--- DATA FOR REVIEW ---
━━━━━━━━━━

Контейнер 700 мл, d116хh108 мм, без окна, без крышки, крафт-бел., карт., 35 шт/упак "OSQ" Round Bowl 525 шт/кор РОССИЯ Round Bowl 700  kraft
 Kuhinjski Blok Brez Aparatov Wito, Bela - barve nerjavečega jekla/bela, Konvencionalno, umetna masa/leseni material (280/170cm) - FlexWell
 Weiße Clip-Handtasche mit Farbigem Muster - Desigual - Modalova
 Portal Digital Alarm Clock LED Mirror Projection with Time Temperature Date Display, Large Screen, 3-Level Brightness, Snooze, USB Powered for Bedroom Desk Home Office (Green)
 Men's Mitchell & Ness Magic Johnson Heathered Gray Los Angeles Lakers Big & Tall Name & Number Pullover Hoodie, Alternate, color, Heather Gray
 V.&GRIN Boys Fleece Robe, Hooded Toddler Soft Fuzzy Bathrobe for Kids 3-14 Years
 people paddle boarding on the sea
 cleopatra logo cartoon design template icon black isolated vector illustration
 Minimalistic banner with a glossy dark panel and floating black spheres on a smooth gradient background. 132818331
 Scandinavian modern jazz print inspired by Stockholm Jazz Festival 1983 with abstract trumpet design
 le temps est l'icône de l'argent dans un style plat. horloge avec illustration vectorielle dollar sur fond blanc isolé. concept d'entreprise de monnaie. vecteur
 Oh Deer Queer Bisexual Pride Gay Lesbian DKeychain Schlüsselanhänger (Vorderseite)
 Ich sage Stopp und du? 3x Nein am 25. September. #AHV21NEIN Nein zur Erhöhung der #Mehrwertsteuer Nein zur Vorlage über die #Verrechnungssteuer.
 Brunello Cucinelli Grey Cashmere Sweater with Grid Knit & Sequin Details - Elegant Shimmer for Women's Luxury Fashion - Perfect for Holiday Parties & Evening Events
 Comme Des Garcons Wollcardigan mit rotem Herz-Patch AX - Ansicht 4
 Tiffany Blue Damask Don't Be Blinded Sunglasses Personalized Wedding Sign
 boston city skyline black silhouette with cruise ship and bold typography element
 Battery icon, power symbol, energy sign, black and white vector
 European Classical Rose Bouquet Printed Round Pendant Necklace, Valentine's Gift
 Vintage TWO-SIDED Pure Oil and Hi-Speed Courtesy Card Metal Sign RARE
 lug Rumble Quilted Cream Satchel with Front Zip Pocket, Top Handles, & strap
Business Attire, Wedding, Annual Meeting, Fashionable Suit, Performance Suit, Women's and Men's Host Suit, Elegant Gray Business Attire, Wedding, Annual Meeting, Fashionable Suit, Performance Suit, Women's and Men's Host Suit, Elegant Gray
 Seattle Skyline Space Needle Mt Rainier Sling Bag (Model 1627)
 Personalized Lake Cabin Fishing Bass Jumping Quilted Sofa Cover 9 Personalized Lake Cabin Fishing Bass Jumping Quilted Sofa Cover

━━━━━━━━━━

--- WHAT YOU HAVE TO DO ---
Once the line that contains "European Classical Rose" is found, please give it again exactly, along with each line that comes after it, through the last line of the entries.

--- ANSWER ---
 European Classical Rose Bouquet Printed Round Pendant Necklace, Valentine's Gift
 Vintage TWO-SIDED Pure Oil and Hi-Speed Courtesy Card Metal Sign RARE
 lug Rumble Quilted Cream Satchel with Front Zip Pocket, Top Handles, & strap
Business Attire, Wedding, Annual Meeting, Fashionable Suit, Performance Suit, Women's and Men's Host Suit, Elegant Gray Business Attire, Wedding, Annual Meeting, Fashionable Suit, Performance Suit, Women's and Men's Host Suit, Elegant Gray
 Seattle Skyline Space Needle Mt Rainier Sling Bag (Model 1627)
 Personalized Lake Cabin Fishing Bass Jumping Quilted Sofa Cover 9 Personalized Lake Cabin Fishing Bass Jumping Quilted Sofa Cover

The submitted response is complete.